Lorsqu'on travaille avec les industriels, on est renvoyé à une réalité économique et donc c'est un frein, notamment pour le remboursement. Lorsqu'un objet n'est pas ou peu remboursé, cela ne se vendra pas. On doit savoir comment le produit sera payé. On doit intégrer énormément de données du domaine de la santé. On prend vraiment en compte l'aspect financier, la vente. Trop de projets sont invendables à cause du financement.
Avec qui travaillez-vous en partenariat ?
On travaille en partenariat avec les industriels qui ont déjà leur propre réseau de médecins, de personnels de la santé.
Mais sinon j'ai aussi des contacts avec des infirmiers, des médecins, des hygiénistes, etc. On essaie d'avoir le plus de partenaires possibles.
Le designer n'a pas vocation à travailler seul.

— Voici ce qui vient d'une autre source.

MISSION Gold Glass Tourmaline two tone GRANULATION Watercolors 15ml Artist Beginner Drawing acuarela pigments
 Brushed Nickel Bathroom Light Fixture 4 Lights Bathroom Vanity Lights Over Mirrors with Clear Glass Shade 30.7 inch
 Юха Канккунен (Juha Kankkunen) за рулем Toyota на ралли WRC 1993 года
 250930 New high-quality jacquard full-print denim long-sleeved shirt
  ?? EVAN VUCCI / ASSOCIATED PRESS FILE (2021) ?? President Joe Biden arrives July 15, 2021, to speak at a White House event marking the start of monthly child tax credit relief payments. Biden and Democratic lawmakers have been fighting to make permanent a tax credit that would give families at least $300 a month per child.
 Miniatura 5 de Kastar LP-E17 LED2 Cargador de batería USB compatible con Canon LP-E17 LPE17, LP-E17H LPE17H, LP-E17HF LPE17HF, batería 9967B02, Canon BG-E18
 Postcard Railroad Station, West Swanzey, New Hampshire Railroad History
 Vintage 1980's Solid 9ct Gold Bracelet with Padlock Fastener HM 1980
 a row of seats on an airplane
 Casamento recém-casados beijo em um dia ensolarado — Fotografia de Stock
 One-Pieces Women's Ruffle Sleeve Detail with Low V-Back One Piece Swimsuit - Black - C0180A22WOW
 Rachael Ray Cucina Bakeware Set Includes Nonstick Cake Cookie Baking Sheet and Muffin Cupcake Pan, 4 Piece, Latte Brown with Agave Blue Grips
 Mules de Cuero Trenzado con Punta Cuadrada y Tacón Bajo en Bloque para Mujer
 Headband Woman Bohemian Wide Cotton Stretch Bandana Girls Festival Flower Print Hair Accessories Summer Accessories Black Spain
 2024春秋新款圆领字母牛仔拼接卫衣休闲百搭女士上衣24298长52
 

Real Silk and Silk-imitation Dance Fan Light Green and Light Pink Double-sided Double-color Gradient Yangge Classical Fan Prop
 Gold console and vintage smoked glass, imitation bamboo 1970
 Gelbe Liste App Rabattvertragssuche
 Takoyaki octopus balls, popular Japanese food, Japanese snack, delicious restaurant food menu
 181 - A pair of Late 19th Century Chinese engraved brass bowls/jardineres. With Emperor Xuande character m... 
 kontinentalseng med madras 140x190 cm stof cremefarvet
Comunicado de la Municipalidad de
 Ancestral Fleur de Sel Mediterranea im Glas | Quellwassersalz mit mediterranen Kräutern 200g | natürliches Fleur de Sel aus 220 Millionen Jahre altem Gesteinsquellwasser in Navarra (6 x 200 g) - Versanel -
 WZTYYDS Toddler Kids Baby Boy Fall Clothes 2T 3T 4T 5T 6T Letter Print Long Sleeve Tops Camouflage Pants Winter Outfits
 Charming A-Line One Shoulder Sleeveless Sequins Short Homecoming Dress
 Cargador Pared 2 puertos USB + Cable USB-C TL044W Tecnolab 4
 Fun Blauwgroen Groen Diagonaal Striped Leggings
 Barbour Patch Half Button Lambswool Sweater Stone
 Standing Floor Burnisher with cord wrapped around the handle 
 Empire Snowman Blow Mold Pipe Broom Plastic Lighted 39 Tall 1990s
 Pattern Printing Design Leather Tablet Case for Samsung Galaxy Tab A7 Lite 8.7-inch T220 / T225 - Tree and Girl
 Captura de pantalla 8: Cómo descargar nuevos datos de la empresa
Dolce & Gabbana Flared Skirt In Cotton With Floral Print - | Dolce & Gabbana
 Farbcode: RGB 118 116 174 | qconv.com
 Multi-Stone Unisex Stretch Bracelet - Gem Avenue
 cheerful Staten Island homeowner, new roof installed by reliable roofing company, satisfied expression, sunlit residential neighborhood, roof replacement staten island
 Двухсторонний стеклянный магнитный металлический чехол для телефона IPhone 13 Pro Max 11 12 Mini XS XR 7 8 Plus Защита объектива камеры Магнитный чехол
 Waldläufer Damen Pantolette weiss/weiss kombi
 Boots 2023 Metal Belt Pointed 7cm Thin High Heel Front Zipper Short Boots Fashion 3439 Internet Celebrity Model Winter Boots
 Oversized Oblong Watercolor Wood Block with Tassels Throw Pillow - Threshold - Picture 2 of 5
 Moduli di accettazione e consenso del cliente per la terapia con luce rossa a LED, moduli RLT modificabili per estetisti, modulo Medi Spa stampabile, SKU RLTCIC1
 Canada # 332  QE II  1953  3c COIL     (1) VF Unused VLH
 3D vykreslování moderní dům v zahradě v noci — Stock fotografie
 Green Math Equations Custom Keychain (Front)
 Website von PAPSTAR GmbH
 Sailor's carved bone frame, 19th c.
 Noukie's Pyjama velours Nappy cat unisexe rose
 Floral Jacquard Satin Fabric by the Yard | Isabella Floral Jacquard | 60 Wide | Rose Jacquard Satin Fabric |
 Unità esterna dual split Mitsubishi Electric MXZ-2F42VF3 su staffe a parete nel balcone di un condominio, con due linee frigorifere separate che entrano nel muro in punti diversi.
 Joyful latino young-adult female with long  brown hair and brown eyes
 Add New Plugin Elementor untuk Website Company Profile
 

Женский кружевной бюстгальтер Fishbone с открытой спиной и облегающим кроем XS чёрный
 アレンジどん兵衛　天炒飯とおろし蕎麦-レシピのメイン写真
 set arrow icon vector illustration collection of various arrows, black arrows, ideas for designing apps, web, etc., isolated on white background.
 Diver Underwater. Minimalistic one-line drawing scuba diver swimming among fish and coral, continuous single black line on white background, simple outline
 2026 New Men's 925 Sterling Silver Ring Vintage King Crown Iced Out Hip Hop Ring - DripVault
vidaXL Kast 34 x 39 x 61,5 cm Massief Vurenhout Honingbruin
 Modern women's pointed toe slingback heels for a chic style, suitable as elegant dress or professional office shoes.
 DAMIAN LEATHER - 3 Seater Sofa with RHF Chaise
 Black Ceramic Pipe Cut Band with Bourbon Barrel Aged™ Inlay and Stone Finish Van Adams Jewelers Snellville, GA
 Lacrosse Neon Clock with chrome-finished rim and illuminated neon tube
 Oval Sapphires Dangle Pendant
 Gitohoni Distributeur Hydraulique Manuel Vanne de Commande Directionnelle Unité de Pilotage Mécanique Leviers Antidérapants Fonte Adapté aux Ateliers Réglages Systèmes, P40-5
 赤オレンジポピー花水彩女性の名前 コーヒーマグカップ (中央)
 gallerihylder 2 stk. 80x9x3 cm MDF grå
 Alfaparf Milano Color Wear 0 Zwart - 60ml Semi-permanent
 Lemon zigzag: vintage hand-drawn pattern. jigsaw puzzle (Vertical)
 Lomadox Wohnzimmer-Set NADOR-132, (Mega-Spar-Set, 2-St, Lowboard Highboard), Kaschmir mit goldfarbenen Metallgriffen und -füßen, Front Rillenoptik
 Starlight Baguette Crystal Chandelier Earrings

Lorsque je travaille seul, ce sont simplement des recherches.
Mais quand je travaille sur les robots ou les piluliers, je travailler avec des ingénieurs, des industriels, etc.
Le designer n'est pas là pour faire l'innovation mais pour l'accompagner ; faire en sorte que les produits soient utiles, utilisables et surtout vendables.
Il faut créer des choses simples et pratiques, réfléchies pour l'usager. Il doit être au cœur du produit, de la réflexion du produit.
On réfléchit beaucoup sur les scénarios d'utilisation et de services.